Auch „zu viel Verbeugung vor dem Verfassungsschutz “ sieht der Ehrenvorsitzende der AfD in Meuthens Ausführungen. Doch die Verfassungsschützer sieht Gauland als Gegner der AfD: „Wir müssen gegen den Verfassungsschutz kämpfen.“
Sehr wahrscheinlich, dass Meuthen mit seiner Breitseite gegen die radikalsten Teile der Partei auch an die Beamten des Verfassungsschutzes gedacht hat, die den Parteitag aufmerksam verfolgen dürften. Denn die Behörde wird absehbar eine Entscheidung treffen, wie sie mit der AfD zukünftig umgehen will. Sollte der Verfassungsschutz nach der informellen Prüfung der letzten beiden Jahre zu dem Schluss kommen, dass die Partei offiziell als Verdachtsfall für verfassungsfeindliche Umtriebe geführt wird, könnte das Mitglieder und potenzielle Wähler verschrecken, fürchtet Meuthen.
Einige AfD-Landesverbände stehen bereits unter einer solchen näheren Beobachtung durch den Verfassungsschutz.

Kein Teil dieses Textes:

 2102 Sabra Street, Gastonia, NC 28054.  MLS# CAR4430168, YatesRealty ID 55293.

In Brandenburg seien bereits V-Leute in der AfD aktiv, sagte Jörg Müller , Präsident des dortigen Landesamts für Verfassungsschutzes, der „Frankfurter Allgemeine Sonntagszeitung“.
Mit seiner Rede habe Meuthen „aus einem sachpolitischen Parteitag einen machtpolitischen Parteitag gemacht“, analysiert Politikberater Johannes Hillje, der die Partei seit langem beobachtet. Das Hauptmotiv sei dabei die Angst vor dem Verfassungsschutz. „Meuthen empfindet die extremistischen Umtriebe mittlerweile als Gefahr für die Partei.“ Das Signal, das mit der Attacke des Parteichefs von diesem Parteitag ausgehe, sei Spaltung. „Interner Streit ist eine schlechte Voraussetzung vor dem Superwahljahr 2021.“
AfD-Delegierte lassen Meuthen ihren Groll spüren
Wie viele der 540 Delegierten ihm grollten, spürte Meuthen auch, als die Partei am Abend vakante Posten im Bundesvorstand nachbesetzte. Mit Carsten Hütter und Christian Waldheim konnten sich zwei Kandidaten, die Meuthens Lager zugerechnet werden, nur mit hauchdünnen Mehrheiten durchsetzen. Doch auch im völkischen Lager kann man nicht zufrieden sein damit, wie der Samstag verlief.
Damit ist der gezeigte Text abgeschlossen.